The AI should be aligned with people and norms, not individuals or positions of power. This can be a Schelling point if we just get it within the Overton window.
There’s a thing people in AI safety leave unspoken: if we do align AI successfully (far from a given), we still have the problem of who it’s aligned to.
My ideas about alignment derive from the dark ages when we talked about “Friendly AI”, and I do not keep up with today’s “AI safety” literature in any systematic way.
But may I point out that today’s literature makes a basic distinction between “intent alignment” and “values alignment”. An “intent-aligned” AI is really good at discerning what its user wants and fulfilling that; whereas a “values-aligned” AI makes its decisions on the basis of values, not just scrupulous obedience.
This can still be mapped onto your dichotomy between “leviathan” and “the people”, e.g. if you can identify different class interests distinct enough to become different value systems. But in general, if your proposal is to align AI with “the people”, you face the problem that the people are actually a mass of individuals with distinct and often contradictory values.
I think within the field of AI safety, there is in fact considerable awareness of the problem of AI-enhanced abuse of power. AI dictatorship is a long-known form of “s-risk”, though lately people have talked more about the CEOs of AI companies becoming the absolute rulers of the world, and it’s only as America and China incorporate AI into their militaries and governments, that people again begin to talk about governmental dictatorship.
However, we do not know how stable AI-enhanced human dictatorship is, compared to outright takeover by AIs themselves. Delegate everything to intelligent machines, and there’s a good chance that some purpose native to the machines will emerge and overwhelm the diktats of the human dictator.
So a lot of people will agree with you that AI needs to be aligned to “norms” rather than to individuals. But, what norms, which norms?
By the way, note that the AI faction allied with Trump 2.0 policy is overtly against any form of universal values alignment, because they consider that to be dictatorship. e/acc co-founder Gill Verdon seems to have the most thought-out version of this, when he argues that AI civilization as a whole needs to orient itself around maximizing energy use (and will do so darwinistically). The argument is that values are complex and constantly shift anyway, whereas material prosperity follows energy abundance and is the more objective indicator of progress.
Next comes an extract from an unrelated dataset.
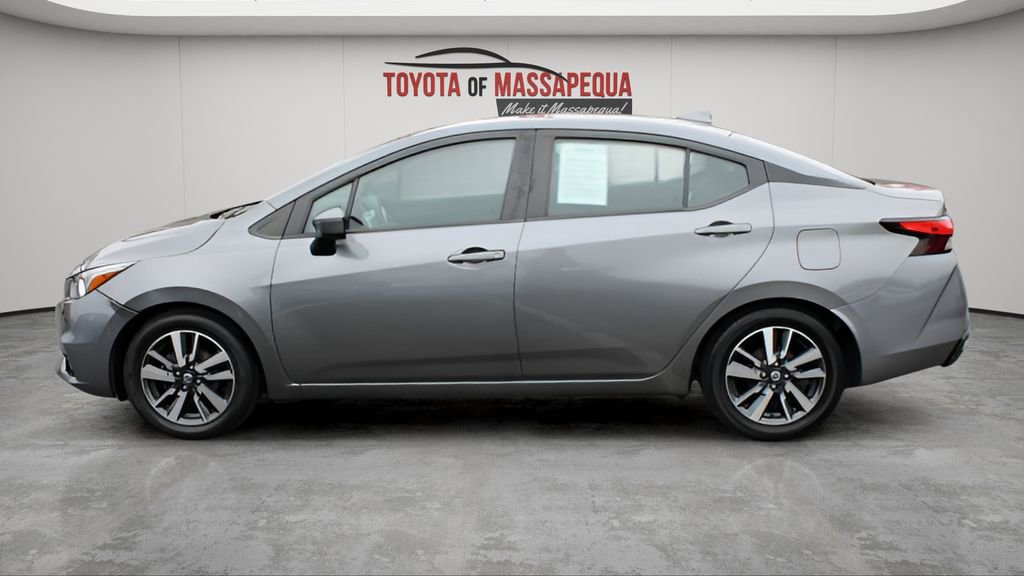 Used 2021 Nissan Versa SV image 25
Aligned to the leviathan or the citizen?
There’s a thing people in AI safety leave unspoken: if we do align AI successfully (far from a given), we still have the problem of who it’s aligned to.
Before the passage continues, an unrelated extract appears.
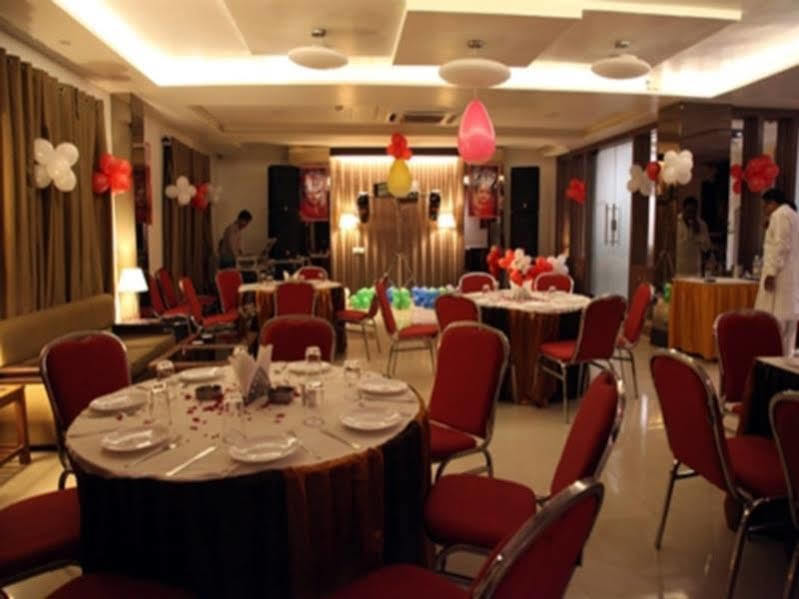 Hotel Poonam Plaza Agra  Bagian luar foto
After nature, governments have been responsible for the largest death counts in human history through war and famine:
WWII: 35-118M
Mongol conquests: 40-80M (Genghis Khan, Kublai Khan, Timur)
Mao Zedong: 14-80M (including the Great Leap Forward famine)
Taiping Rebellion: 20-30M
Stalin: 9-43M (including the Holodomor)
(full list)
The thing that has historically restrained governments during crises, wars, and swings toward extremism is that citizens are necessary. You need people to run the factories, fight the wars, grow the food, operate the bureaucracy. This gives populations leverage even under authoritarian rule, and it’s a big part of why democracies emerged at all.
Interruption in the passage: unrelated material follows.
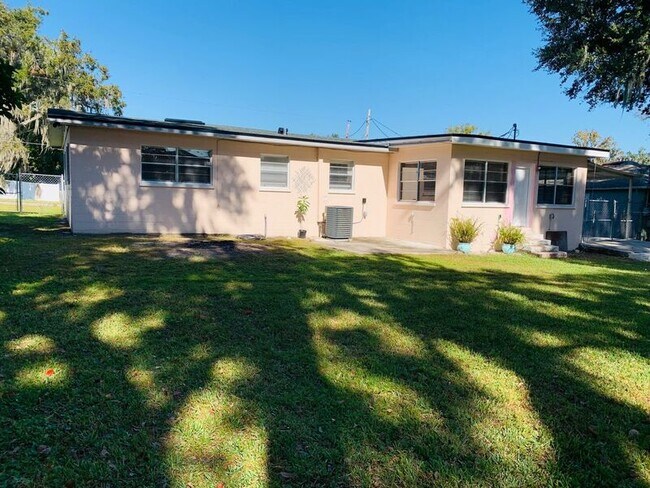 Building Photo - 811 Lafayette Ln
AI changes that. With AI police, AI managers, AI workers, and AI soldiers, some of the worst episodes in human history would have played out very differently. A government that doesn’t need its citizens for labour or warfare has much less reason to keep them happy, or alive. The balance of power shifts in a way we haven’t seen before.
Most “pause AI” advocacy doesn’t mention pausing or monitoring government military or intelligence work, but it should. Most safety orgs are hesitant to say this because they want to keep working with governments. We are just starting to talk about it but often use euphemisms. We say “coups” or “dictators” and never mention that our own government is at risk, and it’s the only one we have a vote in.
The AI should be aligned with people and norms, not individuals or positions of power. This can be a Schelling point if we just get it within the Overton window.
My ideas about alignment derive from the dark ages when we talked about “Friendly AI”, and I do not keep up with today’s “AI safety” literature in any systematic way.
But may I point out that today’s literature makes a basic distinction between “intent alignment” and “values alignment”. An “intent-aligned” AI is really good at discerning what its user wants and fulfilling that; whereas a “values-aligned” AI makes its decisions on the basis of values, not just scrupulous obedience.
This can still be mapped onto your dichotomy between “leviathan” and “the people”, e.g. if you can identify different class interests distinct enough to become different value systems. But in general, if your proposal is to align AI with “the people”, you face the problem that the people are actually a mass of individuals with distinct and often contradictory values.
I think within the field of AI safety, there is in fact considerable awareness of the problem of AI-enhanced abuse of power. AI dictatorship is a long-known form of “s-risk”, though lately people have talked more about the CEOs of AI companies becoming the absolute rulers of the world, and it’s only as America and China incorporate AI into their militaries and governments, that people again begin to talk about governmental dictatorship.
However, we do not know how stable AI-enhanced human dictatorship is, compared to outright takeover by AIs themselves. Delegate everything to intelligent machines, and there’s a good chance that some purpose native to the machines will emerge and overwhelm the diktats of the human dictator.
So a lot of people will agree with you that AI needs to be aligned to “norms” rather than to individuals. But, what norms, which norms?
By the way, note that the AI faction allied with Trump 2.0 policy is overtly against any form of universal values alignment, because they consider that to be dictatorship. e/acc co-founder Gill Verdon seems to have the most thought-out version of this, when he argues that AI civilization as a whole needs to orient itself around maximizing energy use (and will do so darwinistically). The argument is that values are complex and constantly shift anyway, whereas material prosperity follows energy abundance and is the more objective indicator of progress.